◆ **Data for this exercise**:
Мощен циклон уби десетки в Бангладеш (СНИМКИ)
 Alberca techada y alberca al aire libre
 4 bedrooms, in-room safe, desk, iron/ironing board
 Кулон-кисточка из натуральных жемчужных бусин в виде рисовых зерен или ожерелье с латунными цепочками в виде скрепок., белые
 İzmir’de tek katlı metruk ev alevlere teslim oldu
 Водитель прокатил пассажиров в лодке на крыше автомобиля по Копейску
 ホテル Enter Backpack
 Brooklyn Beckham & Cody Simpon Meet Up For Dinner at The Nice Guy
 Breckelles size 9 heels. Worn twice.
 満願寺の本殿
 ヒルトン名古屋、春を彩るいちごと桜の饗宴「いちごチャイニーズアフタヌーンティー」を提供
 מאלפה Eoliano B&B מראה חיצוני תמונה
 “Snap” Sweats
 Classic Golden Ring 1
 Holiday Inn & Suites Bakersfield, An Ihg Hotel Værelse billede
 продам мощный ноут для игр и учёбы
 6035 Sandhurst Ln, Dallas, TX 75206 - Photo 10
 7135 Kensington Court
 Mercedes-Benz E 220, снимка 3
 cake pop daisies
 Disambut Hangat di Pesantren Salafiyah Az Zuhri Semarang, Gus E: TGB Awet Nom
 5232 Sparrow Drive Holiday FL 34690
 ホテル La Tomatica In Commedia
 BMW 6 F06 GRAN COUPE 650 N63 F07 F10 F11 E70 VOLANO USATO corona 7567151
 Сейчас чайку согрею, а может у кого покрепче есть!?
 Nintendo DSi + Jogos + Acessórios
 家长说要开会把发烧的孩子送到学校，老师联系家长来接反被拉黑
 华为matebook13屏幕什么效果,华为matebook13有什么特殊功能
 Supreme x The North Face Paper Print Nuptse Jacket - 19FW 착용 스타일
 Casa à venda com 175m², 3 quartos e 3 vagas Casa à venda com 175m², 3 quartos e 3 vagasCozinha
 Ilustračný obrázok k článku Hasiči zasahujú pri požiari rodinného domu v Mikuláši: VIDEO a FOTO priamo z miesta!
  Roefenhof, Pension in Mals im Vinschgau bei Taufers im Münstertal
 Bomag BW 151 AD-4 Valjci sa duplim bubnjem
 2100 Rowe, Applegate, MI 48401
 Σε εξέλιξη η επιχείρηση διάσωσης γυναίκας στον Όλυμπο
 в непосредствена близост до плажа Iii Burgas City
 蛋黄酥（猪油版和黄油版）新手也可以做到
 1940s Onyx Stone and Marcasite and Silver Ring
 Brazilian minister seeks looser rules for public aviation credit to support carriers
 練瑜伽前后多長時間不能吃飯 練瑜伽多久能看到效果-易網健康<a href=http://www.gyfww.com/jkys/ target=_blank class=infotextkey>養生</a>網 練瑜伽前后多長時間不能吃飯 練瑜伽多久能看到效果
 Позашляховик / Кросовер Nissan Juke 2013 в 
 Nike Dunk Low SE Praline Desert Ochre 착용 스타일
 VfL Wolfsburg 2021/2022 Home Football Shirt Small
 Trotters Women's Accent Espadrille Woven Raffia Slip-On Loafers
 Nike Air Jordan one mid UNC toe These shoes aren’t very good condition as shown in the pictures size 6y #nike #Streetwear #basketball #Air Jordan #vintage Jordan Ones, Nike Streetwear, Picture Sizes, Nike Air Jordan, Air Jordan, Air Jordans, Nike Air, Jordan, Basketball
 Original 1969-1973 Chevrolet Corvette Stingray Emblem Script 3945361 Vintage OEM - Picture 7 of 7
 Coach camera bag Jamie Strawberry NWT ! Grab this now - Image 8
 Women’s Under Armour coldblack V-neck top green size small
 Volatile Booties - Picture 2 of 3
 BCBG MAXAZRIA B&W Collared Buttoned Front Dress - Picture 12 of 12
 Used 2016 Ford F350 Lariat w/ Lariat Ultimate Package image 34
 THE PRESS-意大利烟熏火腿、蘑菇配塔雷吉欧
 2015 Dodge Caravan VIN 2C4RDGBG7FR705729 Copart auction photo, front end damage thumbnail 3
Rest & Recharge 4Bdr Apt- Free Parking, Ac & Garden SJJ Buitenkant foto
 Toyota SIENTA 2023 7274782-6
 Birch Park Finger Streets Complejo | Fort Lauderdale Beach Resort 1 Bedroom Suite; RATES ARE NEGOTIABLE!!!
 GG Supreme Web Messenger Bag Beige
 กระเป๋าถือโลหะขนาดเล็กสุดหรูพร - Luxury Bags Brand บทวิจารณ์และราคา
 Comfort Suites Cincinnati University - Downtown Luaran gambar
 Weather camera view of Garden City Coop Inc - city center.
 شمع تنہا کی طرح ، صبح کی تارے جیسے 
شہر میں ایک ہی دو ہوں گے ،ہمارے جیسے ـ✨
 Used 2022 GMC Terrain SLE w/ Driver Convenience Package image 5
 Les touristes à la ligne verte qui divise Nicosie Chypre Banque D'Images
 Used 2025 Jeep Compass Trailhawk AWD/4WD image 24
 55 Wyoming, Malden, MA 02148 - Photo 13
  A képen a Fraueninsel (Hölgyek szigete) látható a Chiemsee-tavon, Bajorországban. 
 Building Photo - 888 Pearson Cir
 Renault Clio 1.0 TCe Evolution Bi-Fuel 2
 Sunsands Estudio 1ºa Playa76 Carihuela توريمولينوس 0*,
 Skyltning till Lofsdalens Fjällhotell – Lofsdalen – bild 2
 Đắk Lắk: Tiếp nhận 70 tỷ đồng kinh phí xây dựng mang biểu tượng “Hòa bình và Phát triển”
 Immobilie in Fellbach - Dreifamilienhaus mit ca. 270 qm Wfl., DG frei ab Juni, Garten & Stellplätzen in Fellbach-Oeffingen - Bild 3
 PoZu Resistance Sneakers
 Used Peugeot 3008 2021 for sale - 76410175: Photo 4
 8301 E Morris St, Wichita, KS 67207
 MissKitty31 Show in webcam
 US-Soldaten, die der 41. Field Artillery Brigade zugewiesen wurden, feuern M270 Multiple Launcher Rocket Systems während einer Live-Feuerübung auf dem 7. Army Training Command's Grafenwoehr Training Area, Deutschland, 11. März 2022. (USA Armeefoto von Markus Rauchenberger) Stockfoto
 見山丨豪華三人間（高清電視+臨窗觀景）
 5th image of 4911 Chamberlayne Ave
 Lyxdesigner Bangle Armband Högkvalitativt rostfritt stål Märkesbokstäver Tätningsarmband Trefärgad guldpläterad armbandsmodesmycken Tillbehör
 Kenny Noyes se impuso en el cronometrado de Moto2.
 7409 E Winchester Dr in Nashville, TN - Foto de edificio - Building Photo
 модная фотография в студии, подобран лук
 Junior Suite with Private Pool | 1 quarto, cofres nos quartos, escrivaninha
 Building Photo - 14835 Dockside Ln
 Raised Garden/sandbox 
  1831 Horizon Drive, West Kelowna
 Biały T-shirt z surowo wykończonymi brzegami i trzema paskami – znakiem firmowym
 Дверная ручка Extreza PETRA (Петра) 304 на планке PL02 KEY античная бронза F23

◆ **Exercise requirements**:
From the data above, reproduce word for word the lines running from the line with "Alberca techada y alberca al aire libre" to the line with "Brooklyn Beckham &", ends included.

◆ **Solution to this task**:
 Alberca techada y alberca al aire libre
 4 bedrooms, in-room safe, desk, iron/ironing board
 Кулон-кисточка из натуральных жемчужных бусин в виде рисовых зерен или ожерелье с латунными цепочками в виде скрепок., белые
 İzmir’de tek katlı metruk ev alevlere teslim oldu
 Водитель прокатил пассажиров в лодке на крыше автомобиля по Копейску
 ホテル Enter Backpack
 Brooklyn Beckham & Cody Simpon Meet Up For Dinner at The Nice Guy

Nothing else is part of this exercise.